Since the main difficulties in PBDR arise from geometric surfaces rather than the participating media, we will focus exclusively on scenes comprised entirely of surfaces. Adding participating media back is straightforward [12,13], as the corresponding rendering part is continuous. Ignoring the participating media term in Equation (1) gives the rendering equation:

L_{o} (p, ω) = \int_{S^{2}} f (p, ω^{'}, ω) L_{i} (p, ω^{'}) d ω^{'} + L_{e}^{s} (p, ω)

(7)

which describes the local behavior of light, such as the reflection or transmission, at a point on the geometric surface. The above equation can be solved by iteratively replacing

L_{i} (p, ω^{'})

in the right-hand side with the function in the left-hand side. The final solution can be expressed as a Neumann series:

L_{i} = \sum_{N = 1}^{\infty} P_{N}

where

P_{N}

stand for the radiance contribution from paths of length N:

P_{N} (p, ω_{0}) = \int_{S^{2} \times \dots \times S^{2}} F (p, ω_{0}, . . ., ω_{N - 1}) d ω_{N - 1} \dots d ω_{1}

(8)

The resulting radiance function

L_{i}

is then convolved with a pixel reconstruction filter function to obtain the final intensity of pixel j:

I_{j} = \int \int h_{j} (x, y) L_{i} (x, y) d x d y

(9)

The rendering equation can also be expressed as a surface form or an integral on object surfaces:

L (p, p^{'}) = L_{e} (p, p^{'}) + \int_{A} f (p, p^{'}, p^{″}) L (p^{'}, p^{″}) G (p^{'}, p^{″}) d A (p^{″})

(10)

where

G (\cdot, \cdot)

is the geometric term. Expanding the formula again, we obtain the widely used path integral:

P_{N} (p, p_{0}) = \int_{A \times \dots \times A} F (p, p_{0}, . . ., p_{N - 1}) d A_{p_{N - 1}} \dots d A_{p_{1}}

(11)

Given the physics-based rendering formulas above, we still need a numerical integration method to calculate the corresponding integrals. Since these integrals tend to be very high-dimensional, Monte Carlo methods are preferred over other numerical integration methods. Specifically, Monte Carlo methods use random numbers to evaluate the integral:

I = \int_{Ω} f (x) d μ (x)

(12)

Employing the Monte Carlo estimator, we have:

\hat{I} = \frac{1}{N} \sum_{i = 1}^{N} \frac{f (X_{i})}{p (X_{i})}

(13)

Note that the points

X_{1}, . . ., X_{N}

need to be sampled according to the probability density function

p (x)

. In practice, to make the Monte Carlo estimator converge as quickly as possible, we need to match the shape of

p (x)

with that of

f (x)

as closely as possible.

With these tools at hand, the next task is to calculate the corresponding differentials. However, automatic differentiation techniques cannot be applied directly due to the discontinuities in the integrand of Equations (8), (9) and (11). Based on how the discontinuities in these high-dimensional integrals are handled, existing PBDR methods can be classified into two categories: boundary sampling methods and reparameterization methods, which will be reviewed in the following subsections.

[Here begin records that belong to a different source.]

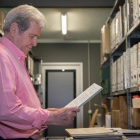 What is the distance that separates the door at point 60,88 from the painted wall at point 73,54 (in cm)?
31

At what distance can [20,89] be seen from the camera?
59.7 inches

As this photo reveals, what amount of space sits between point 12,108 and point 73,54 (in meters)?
5.73

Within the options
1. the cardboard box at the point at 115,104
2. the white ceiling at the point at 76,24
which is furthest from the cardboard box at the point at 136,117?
the white ceiling at the point at 76,24

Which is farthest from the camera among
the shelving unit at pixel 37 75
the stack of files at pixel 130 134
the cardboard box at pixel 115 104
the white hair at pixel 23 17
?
the shelving unit at pixel 37 75

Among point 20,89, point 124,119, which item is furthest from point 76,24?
point 20,89

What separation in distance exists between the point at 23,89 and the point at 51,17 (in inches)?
156

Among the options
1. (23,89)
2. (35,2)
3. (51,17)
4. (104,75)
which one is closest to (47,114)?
(23,89)

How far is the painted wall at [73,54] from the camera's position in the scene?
7.00 metres

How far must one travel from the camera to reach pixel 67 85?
23.2ft

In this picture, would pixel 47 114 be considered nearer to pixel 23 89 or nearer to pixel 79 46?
pixel 23 89

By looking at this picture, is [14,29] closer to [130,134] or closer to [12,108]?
[12,108]

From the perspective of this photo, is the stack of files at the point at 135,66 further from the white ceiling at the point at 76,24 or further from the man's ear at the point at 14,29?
the white ceiling at the point at 76,24

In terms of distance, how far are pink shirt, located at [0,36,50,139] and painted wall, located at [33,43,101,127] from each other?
537 centimetres

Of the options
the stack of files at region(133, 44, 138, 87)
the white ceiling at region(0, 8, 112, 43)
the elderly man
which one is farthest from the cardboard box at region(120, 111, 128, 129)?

When comparing the performance of two PBDR methods, the commonly used metrics are the variance of the Monte Carlo estimators and the rendering time in seconds; notably, there are generally no common datasets used in the field of PBDR, as the scenes for comparison are typically built by the authors themselves.

3.2. Boundary Sampling Methods

Li et al. [9] presented the first physics-based differentiable rendering technique for scenes composed of triangle meshes using an edge sampling method. They realized that the automatic differentiation technique cannot be used directly to compute the gradient of pixel intensity resulting from global illumination techniques such as path tracing due to the discontinuity of the integrand. The Heaviside step function is utilized to partition the discontinuous integrand into many small parts, ensuring that the corresponding function is continuous within each small domain. Then, the pixel intensity I can be written as:

I = \int \int \sum_{i} θ (α_{i} (x, y)) f_{i} (x, y) d x d y

(14)

where

f_{i} (x, y)

is the scene function,

θ (\cdot)

is the Heaviside step function,

α_{i} (x, y)

is the edge equation corresponding to the discontinuity’s location in the scene function, and the summation is over the subdivided small domains.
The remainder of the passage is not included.